▶ **DIRECTIONS FOR THIS TASK**
Starting at the line that contains "Portátil HP Ryzen 7. 32GB RAM. 1TB SSD Nuevo" and stopping at the line that contains "Due morti mentre", restate each line of the records below exactly. Omit the pictures.

▶ **MATERIAL SHOWN**
════
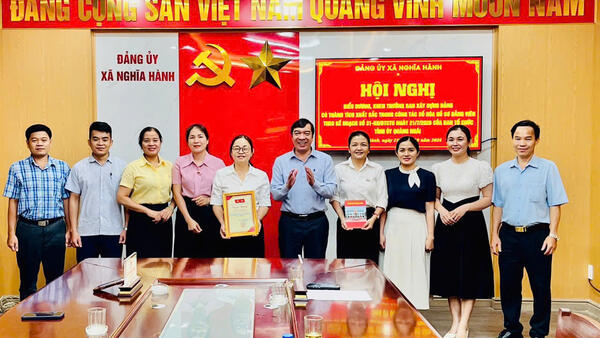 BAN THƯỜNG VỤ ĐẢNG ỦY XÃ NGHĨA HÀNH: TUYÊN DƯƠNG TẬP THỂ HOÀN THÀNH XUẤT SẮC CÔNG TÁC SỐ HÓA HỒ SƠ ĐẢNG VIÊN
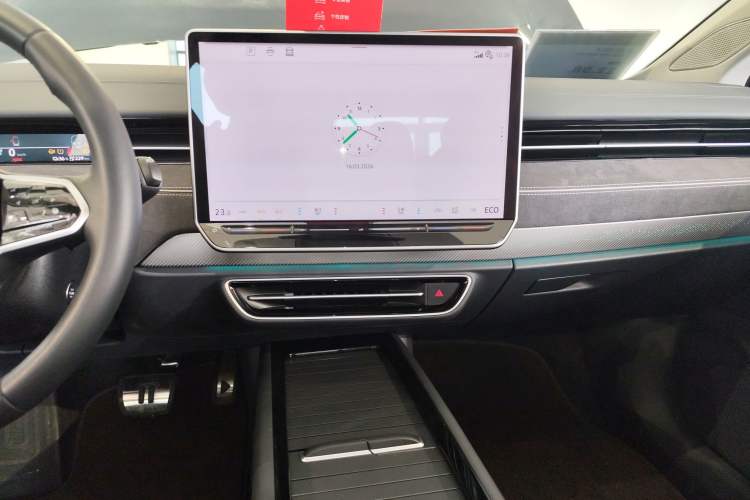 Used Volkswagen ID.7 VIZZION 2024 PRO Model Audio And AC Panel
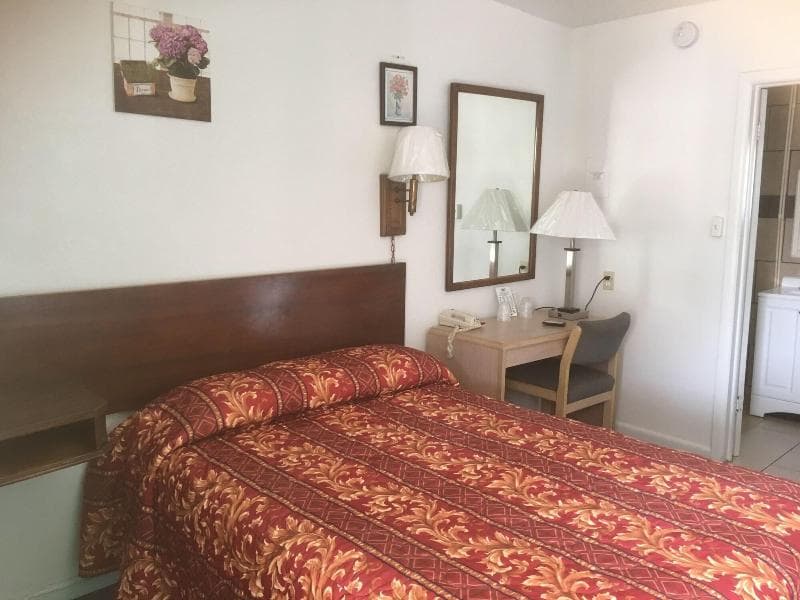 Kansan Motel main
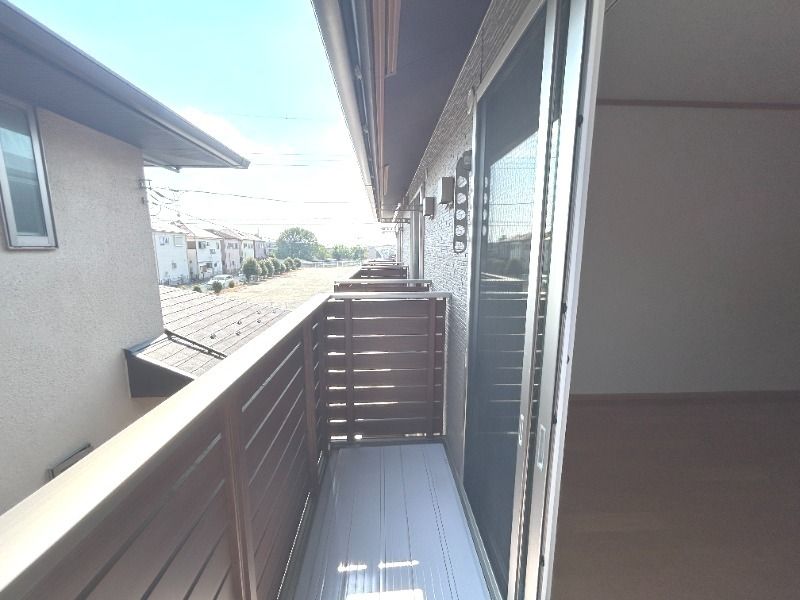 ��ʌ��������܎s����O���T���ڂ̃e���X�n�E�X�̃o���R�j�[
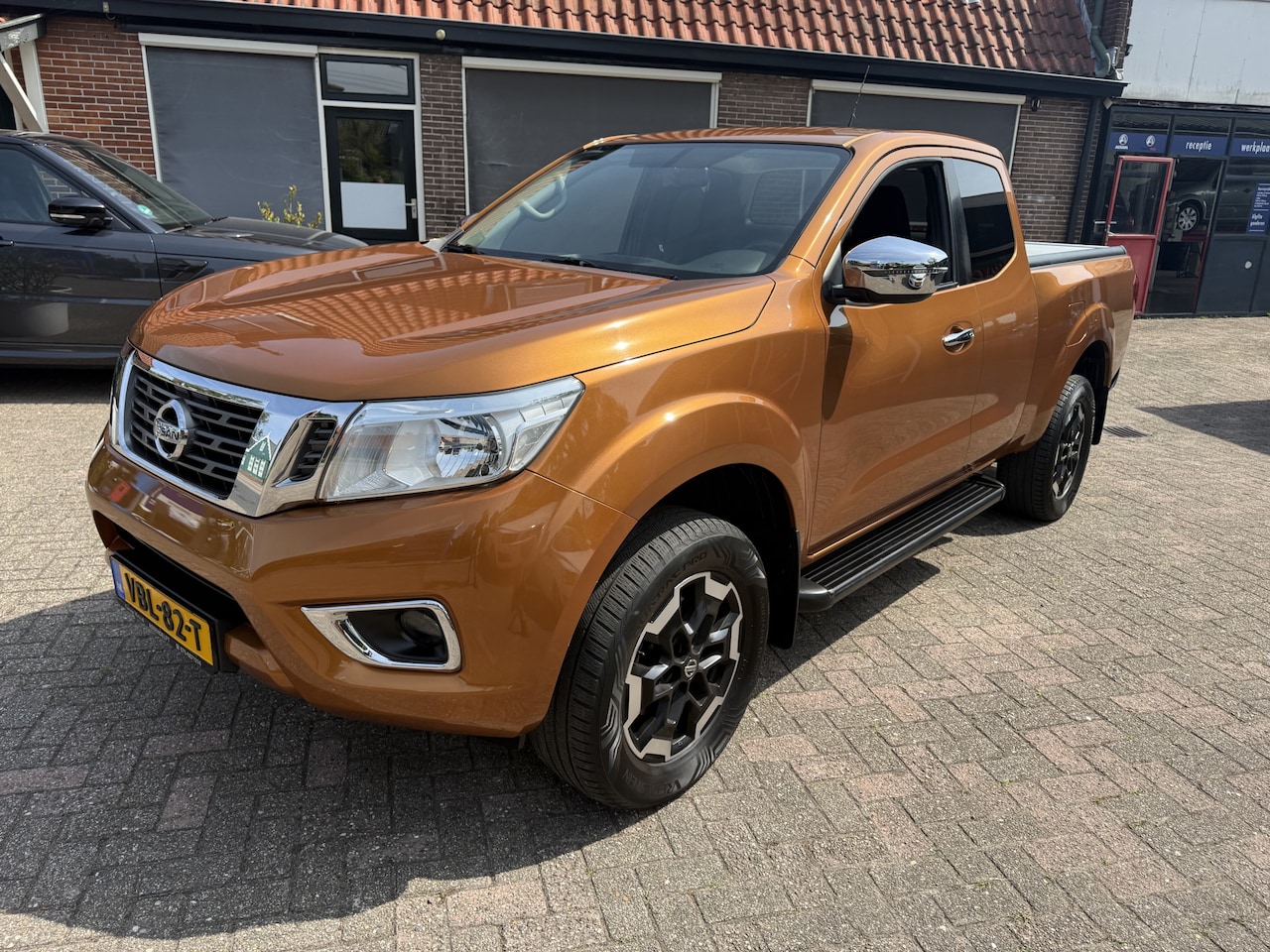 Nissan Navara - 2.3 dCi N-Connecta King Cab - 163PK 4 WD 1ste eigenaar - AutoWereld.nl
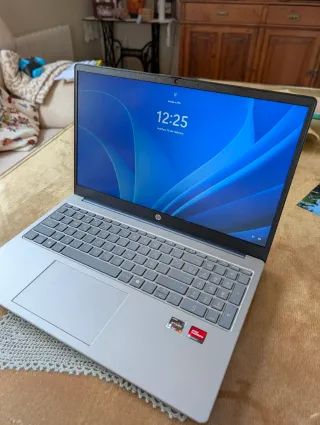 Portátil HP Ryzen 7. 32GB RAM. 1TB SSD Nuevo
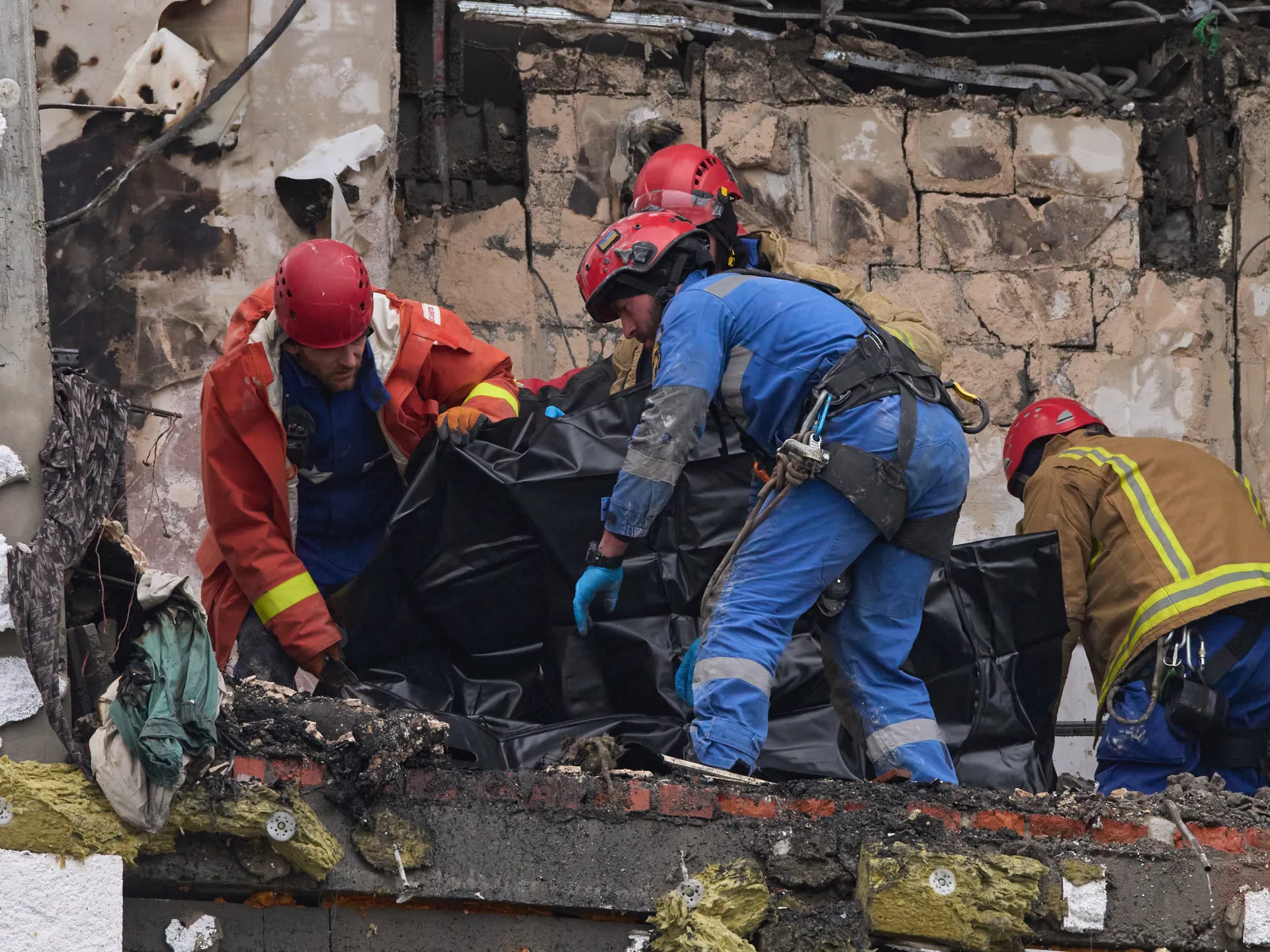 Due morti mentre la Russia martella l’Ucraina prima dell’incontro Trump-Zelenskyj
════
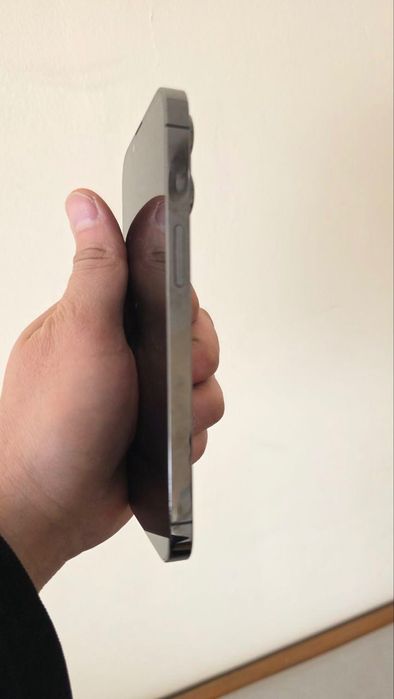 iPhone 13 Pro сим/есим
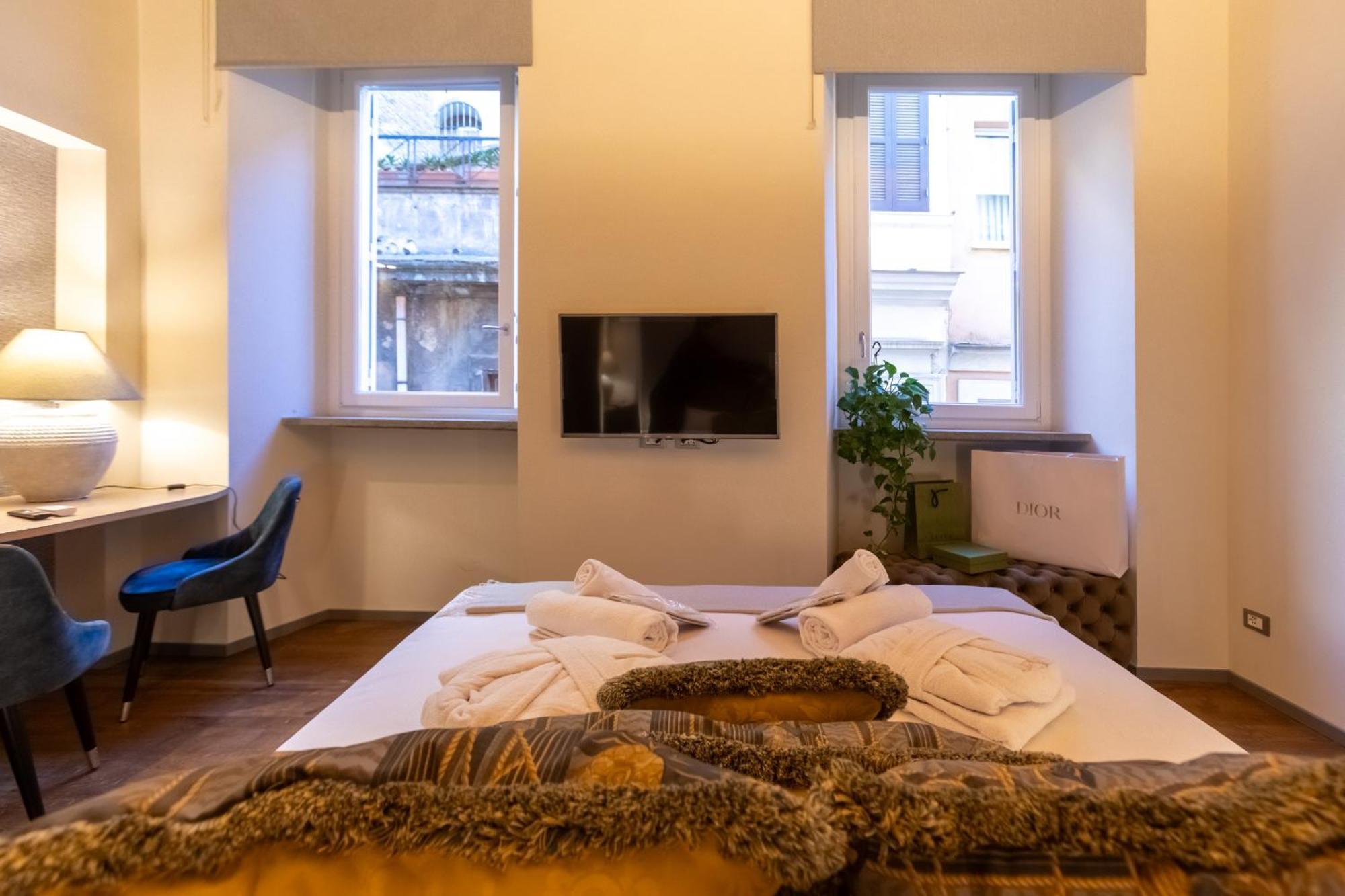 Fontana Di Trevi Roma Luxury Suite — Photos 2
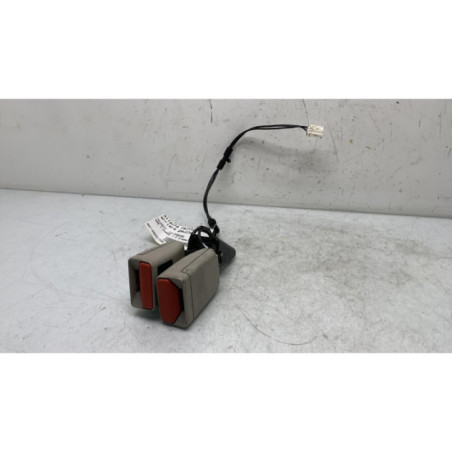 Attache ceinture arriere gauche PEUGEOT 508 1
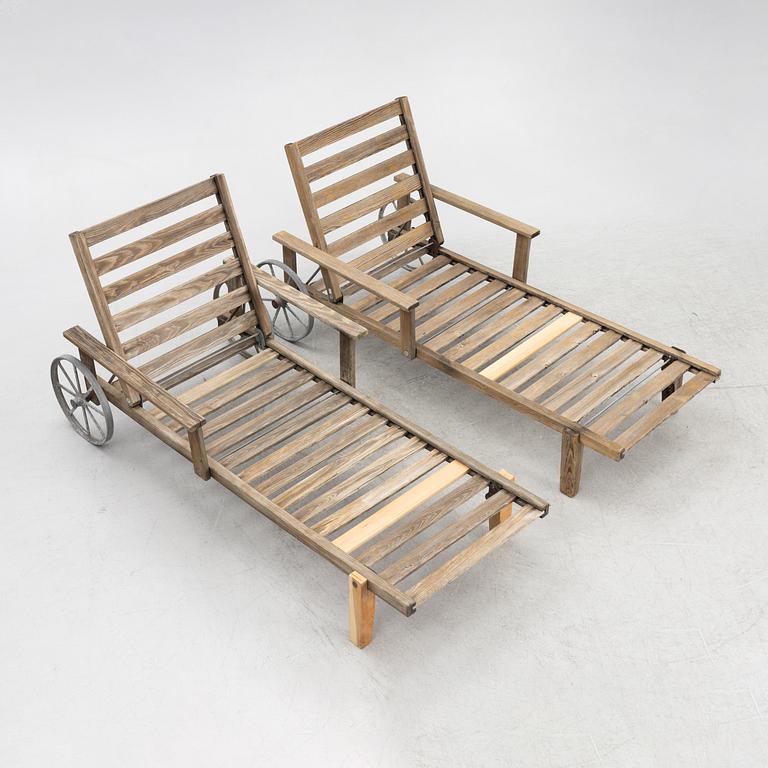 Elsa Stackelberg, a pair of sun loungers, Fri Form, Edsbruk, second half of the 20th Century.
════
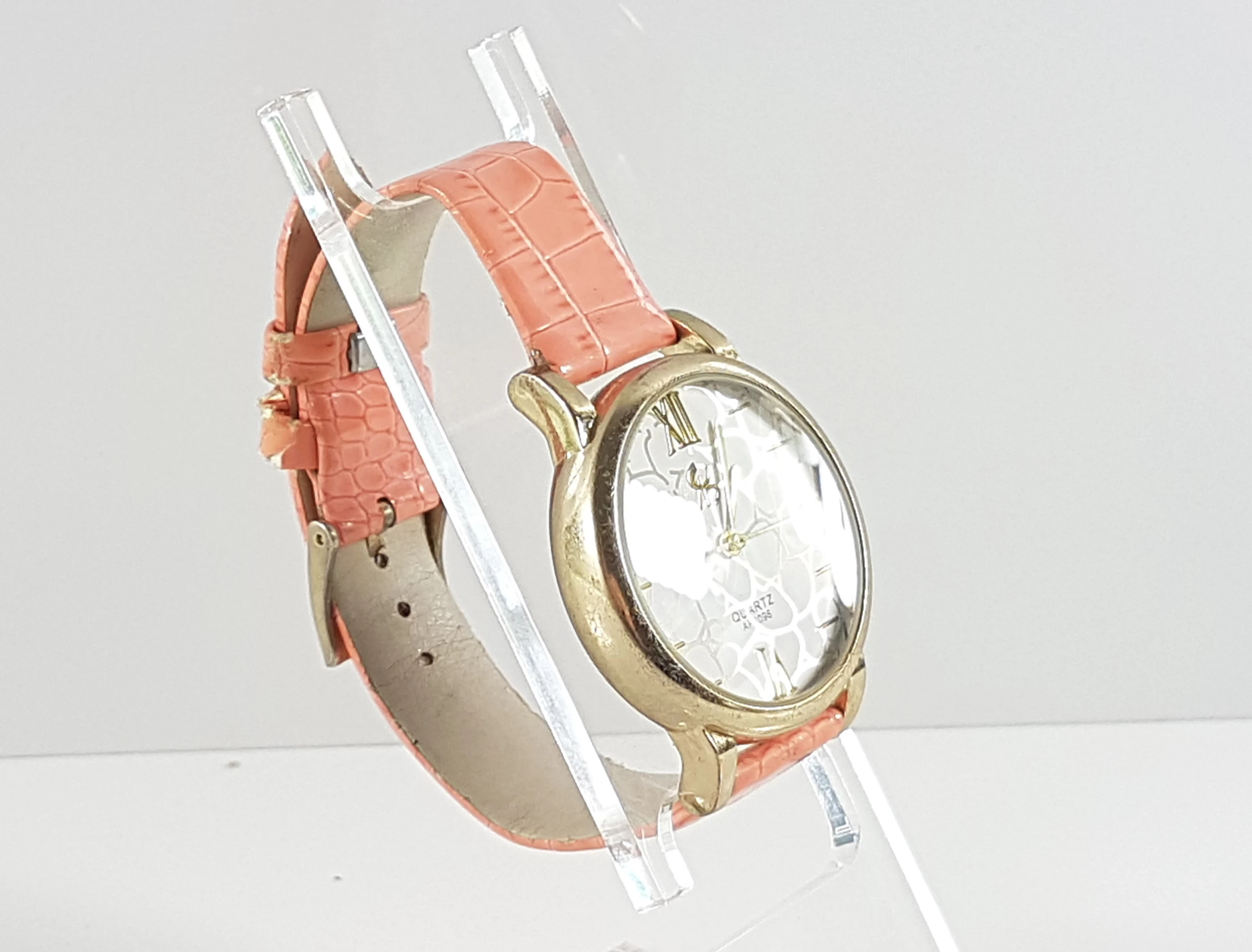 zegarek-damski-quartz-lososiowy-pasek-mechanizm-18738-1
════
▶ **EXERCISE ANSWER**
 Portátil HP Ryzen 7. 32GB RAM. 1TB SSD Nuevo
 Due morti mentre la Russia martella l’Ucraina prima dell’incontro Trump-Zelenskyj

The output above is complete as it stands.